В такой критической ситуации многие надеялись на армию. Однако позиция министра обороны В. Кадиевича была достаточно противоречивой: с одной стороны, он разрабатывал планы военного переворота, а с другой – был нерешительным, отстаивал мирные пути разрешения споров, опираясь исключительно на конституцию. К 12 марта 1991 г. Верховное командование ЮНА оценило положение в стране как начало гражданской войны и на заседании Президиума СФРЮ и Генерального штаба потребовало ввести чрезвычайное положение на всей территории страны, объявить мобилизацию, разоружить нелегальные вооруженные формирования, а спорные вопросы решать путем переговоров. Но Президиум в это время уже был неспособен принимать решения. Боле того, предложения министра обороны вызвали негативную реакцию большинства его членов. Крайне жестко воспротивился этим мерам С. Месич. Он подчеркнул, что ситуация надуманна сербским руководством, что нет никаких предпосылок для введения чрезвычайного положения, особенно в Хорватии. Он пригрозил даже всеобщей мобилизацией в республике. Резко против был В. Тупурковски из Македонии. Не поддержал предложения В. Кадиевича и представитель Черногории.

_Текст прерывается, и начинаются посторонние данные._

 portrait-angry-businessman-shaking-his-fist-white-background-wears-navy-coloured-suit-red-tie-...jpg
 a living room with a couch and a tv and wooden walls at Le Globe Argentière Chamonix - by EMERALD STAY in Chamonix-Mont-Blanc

И всё же в стране еще многим казалось, что ситуацию можно спасти. На заседании Президиума СФРЮ 25 декабря 1990 г. было решено приступить к открытому обсуждению отношений в югославской федерации и политического будущего страны. С 10 января по 28 февраля 1991 г. состоялись три заседания Президиума СФРЮ совместно с представителями всех республик, а параллельно в период с 18 января по 1 марта – 11 двусторонних встреч республиканских делегаций: Сербии и Черногории, БиГ и Хорватии, Сербии и БиГ, Хорватии и Черногории, Сербии и Словении, БиГ и Черногории, Хорватии и Сербии, БиГ и Словении, БиГ и Македонии, Словении и Македонии, Хорватии и Македонии. Результатом этих встреч, многочасовых дискуссий стало четкое разграничение позиций руководства республик, непреодолимое различие взглядов сторонников федерации (Сербия, Черногория) и конфедерации (Словения, Хорватия).

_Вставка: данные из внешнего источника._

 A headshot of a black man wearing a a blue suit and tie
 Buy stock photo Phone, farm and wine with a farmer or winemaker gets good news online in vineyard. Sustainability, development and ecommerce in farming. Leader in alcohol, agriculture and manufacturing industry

На смену согласованиям позиций республик с Центром пришел диалог республик без Центра. С 28 марта по 6 июня руководители республик провели шесть встреч в разных городах страны, обсуждая проблемы выхода из кризиса, взаимоотношений республик и Центра, пытаясь определить хотя бы общие контуры нового содружества югославских народов. За свою безрезультатность они были названы в печати «туристическим путешествием шестерки». Сербия продолжала отстаивать идею сохранения Югославии, готова была принять и уменьшенный вариант Югославии, но при условии, что все сербы будут жить в одном государстве. При непоколебимом желании Словении и Хорватии отделиться, в Югославии могли бы остаться Сербия, Черногория, Македония, Босния и Герцеговина. Но и Македония в феврале 1991 г. стала склоняться к проекту союза самостоятельных и суверенных государств. Весной 1991 г. федерацию поддерживали всего три республики – Сербия, Черногория, Босния и Герцеговина. Последняя, вернее ее президент, занимала достаточно сдержанную и неопределенную позицию. По мнению А. Изетбеговича, для Югославии было в то время предпочтительней что-то среднее между федерацией и конфедерацией.

Самым сложным моментом переговоров явились противоречия между Сербией и Хорватией. Они были вызваны тем, что в районах компактного проживания сербов в Хорватии была провозглашена Сербская автономная область Краина, которая не хотела оставаться в составе Хорватии в случае ее отделения. Сербско-хорватский диалог продолжили парламенты двух республик. Скупщина Республики Сербии приняла «Декларацию о мирном разрешении югославского кризиса, против гражданской войны и насилия». Хорватия выступила с инициативой решить югославский кризис с помощью наблюдателей из европейских стран и США. Одновременно созданная ранее группа экспертов из всех югославских республик подготовила вариант концепции будущего содружества югославских народов, который также остался на бумаге.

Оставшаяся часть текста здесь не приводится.